## Stored data:
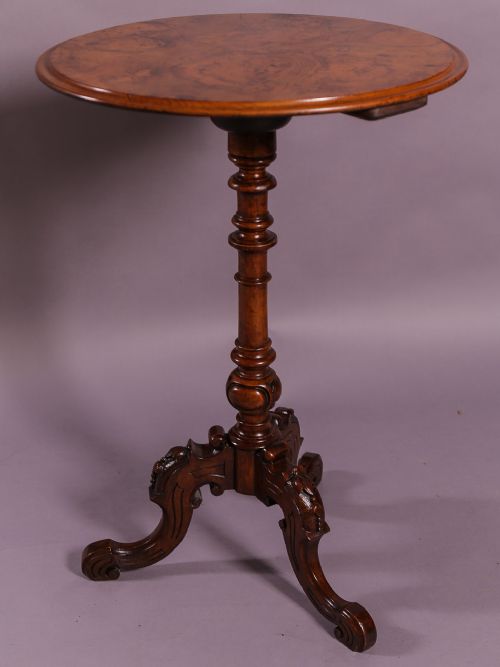 Burr Walnut Occasional Table Victorian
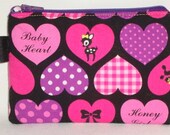 Kawaii Gothic Lolita Deer, Poodles and Hearts Zippered Pouch -- Black Camera Case/Small Wallet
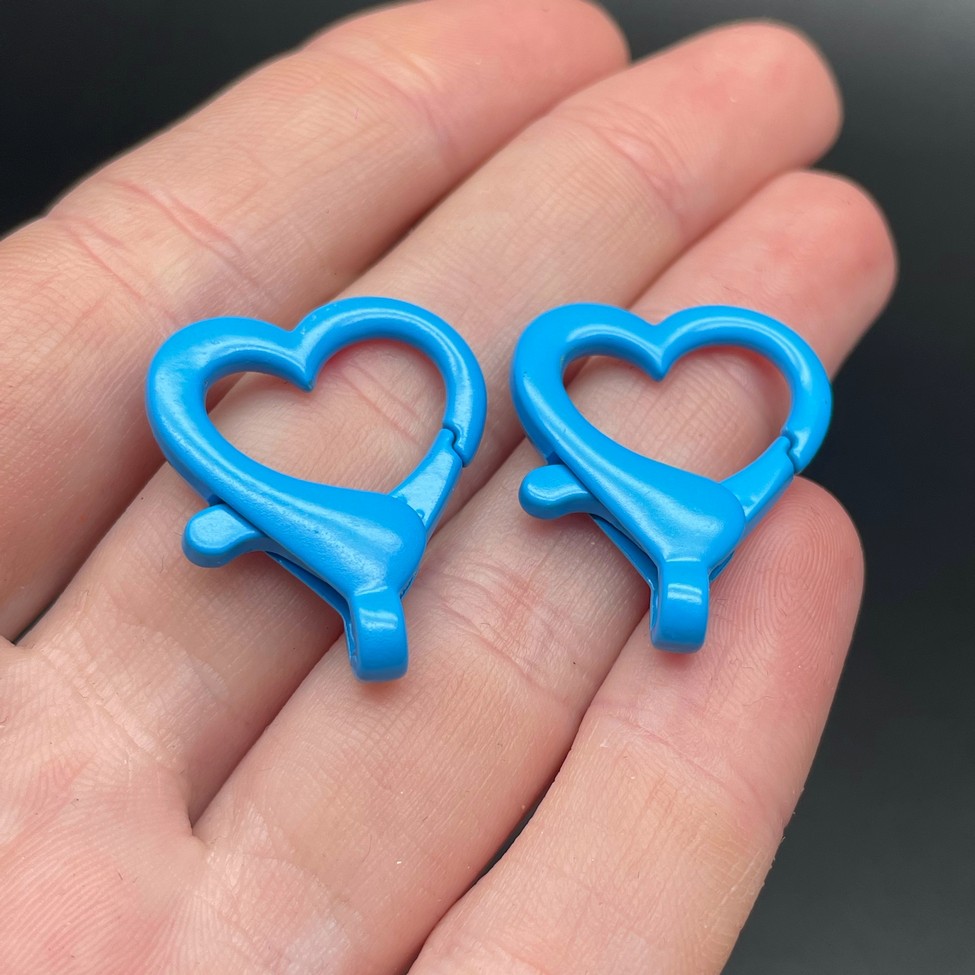 22*26мм , Замок крупный сердце светло-синяя  эмаль 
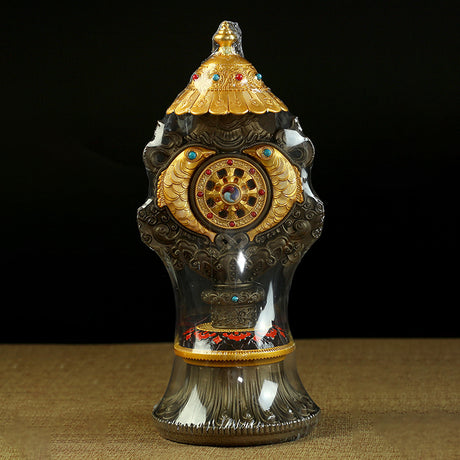 Acht glückverheißende Ornamente vor Buddha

## Assigned task:
After locating the line with "Kawaii Gothic Lolita", transcribe it and the rest of the data above exactly as written, without any picture.

## Task response:
 Kawaii Gothic Lolita Deer, Poodles and Hearts Zippered Pouch -- Black Camera Case/Small Wallet
 22*26мм , Замок крупный сердце светло-синяя  эмаль 
 Acht glückverheißende Ornamente vor Buddha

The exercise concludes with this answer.